The local authority having jurisdiction (AHJ) and insurance companies also influence, recommend, or set forth standards they deem necessary for the proper operation of life-safety systems. AHJs may establish guidelines that exceed NFPA guidelines.
In virtually all cases, the standards outline minimum requirements. The potential problem, however, is that not all fire alarm systems are subject to the same environmental and ambient conditions. Therefore, meeting minimum standards of all applicable codes and standards may not provide the optimum protection for a facility. Because of this, manufacturers’ service organizations may recommend inspections and maintenance that exceed published standards and guidelines.
System maintenance. In addition to system age, you must consider budget and staffing resources. Does your staff have the time and expertise to properly maintain this critical life-safety system? Will it be more cost-effective to have the manufacturer’s service organization or a contractor specializing in fire alarms perform the maintenance?
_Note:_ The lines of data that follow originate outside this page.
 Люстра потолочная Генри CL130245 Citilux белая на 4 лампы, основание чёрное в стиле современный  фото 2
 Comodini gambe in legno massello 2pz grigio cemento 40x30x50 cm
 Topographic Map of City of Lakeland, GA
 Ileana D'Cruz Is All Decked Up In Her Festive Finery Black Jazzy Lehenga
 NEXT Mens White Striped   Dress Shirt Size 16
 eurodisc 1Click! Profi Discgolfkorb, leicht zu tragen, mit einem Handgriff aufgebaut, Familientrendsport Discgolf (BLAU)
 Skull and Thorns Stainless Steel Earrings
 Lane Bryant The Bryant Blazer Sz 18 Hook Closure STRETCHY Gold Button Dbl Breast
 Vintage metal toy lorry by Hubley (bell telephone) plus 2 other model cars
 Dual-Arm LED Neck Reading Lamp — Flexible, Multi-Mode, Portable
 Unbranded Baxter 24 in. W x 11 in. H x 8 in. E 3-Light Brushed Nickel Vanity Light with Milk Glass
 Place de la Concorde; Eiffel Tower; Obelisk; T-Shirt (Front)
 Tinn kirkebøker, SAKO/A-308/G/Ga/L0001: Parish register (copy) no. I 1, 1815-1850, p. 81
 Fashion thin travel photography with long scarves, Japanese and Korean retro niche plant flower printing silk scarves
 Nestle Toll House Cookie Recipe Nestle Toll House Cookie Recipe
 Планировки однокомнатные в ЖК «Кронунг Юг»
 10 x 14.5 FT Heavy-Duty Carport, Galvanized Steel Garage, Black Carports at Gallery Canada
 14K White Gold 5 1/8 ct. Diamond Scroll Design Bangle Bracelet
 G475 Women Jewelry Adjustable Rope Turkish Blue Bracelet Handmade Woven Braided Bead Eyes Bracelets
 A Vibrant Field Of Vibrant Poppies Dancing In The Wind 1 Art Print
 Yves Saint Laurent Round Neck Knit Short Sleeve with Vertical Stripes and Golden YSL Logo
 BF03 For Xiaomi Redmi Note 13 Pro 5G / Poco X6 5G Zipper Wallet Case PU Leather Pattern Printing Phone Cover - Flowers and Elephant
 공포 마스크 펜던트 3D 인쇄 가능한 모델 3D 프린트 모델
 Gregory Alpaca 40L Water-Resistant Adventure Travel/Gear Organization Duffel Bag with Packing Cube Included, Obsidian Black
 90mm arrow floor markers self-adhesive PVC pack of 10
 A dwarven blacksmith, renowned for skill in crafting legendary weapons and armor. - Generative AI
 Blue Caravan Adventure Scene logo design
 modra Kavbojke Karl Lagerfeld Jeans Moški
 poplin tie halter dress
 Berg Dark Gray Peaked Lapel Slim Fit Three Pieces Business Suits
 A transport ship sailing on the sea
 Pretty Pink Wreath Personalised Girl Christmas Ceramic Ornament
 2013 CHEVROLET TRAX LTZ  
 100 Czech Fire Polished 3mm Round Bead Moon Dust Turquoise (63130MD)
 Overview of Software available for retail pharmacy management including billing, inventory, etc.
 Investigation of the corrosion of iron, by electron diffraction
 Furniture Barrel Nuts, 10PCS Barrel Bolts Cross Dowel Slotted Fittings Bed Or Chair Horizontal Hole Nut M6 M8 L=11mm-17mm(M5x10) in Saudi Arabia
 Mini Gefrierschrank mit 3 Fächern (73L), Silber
The most stringent standards and guidelines are meaningless unless the people performing the inspection, testing, and maintenance are knowledgeable and qualified to service the fire alarm system.
Facility maintenance people usually don’t possess the experience and knowledge found in manufacturer’s service technicians, whose daily work revolves around fire alarm system technology in a variety of environments and circumstances. Some facilities have answered this problem by sending their people to factory-sponsored training courses. This approach works, if done on an ongoing basis.
You can get around the training dilemma by using a factory service agreement. These can range from a basic on-call agreement to regularly scheduled service visits. Emergency service offering four-hour and eight-hour response times, on a 24-hr-a-day basis, is an option available in most service agreements. This service usually provides response within the specified time, along with repair and replacement of equipment. Rapid emergency response is almost universal for the healthcare and lodging industries because of around-the-clock occupancy by staff, patients, and guests.
For most facilities, contracting out that function makes sense. Before you sign a maintenance agreement, though, ensure technicians are certified by the National Institute for the Certification of Engineering Technologies (NICET) and specialize in life safety. NICET certification indicates thorough knowledge of system installation and life cycle inspection, testing, and maintenance protocols. Some facilities have their own staff NICET certified.
The best-designed fire alarm system can be rendered ineffective, if improperly maintained. Each month, NFPA members read about fire catastrophes that a well-maintained system would have prevented. They also read about fires where properly functioning systems saved lives and reduced the business interruption. When you’re pinched by budgets, it’s tempting to take the risk that a fire won’t happen and delay responsible decisions about your fire protection until the next quarter. However, courts have increasingly ruled against people who have made such decisions, and held them—and their managers—personally and criminally liable. You must ensure your fire protection system operates properly, even if that means dipping into other budgets.
Lohr is the director, service marketing for SimplexGrinnell LP, Westminster, Mass.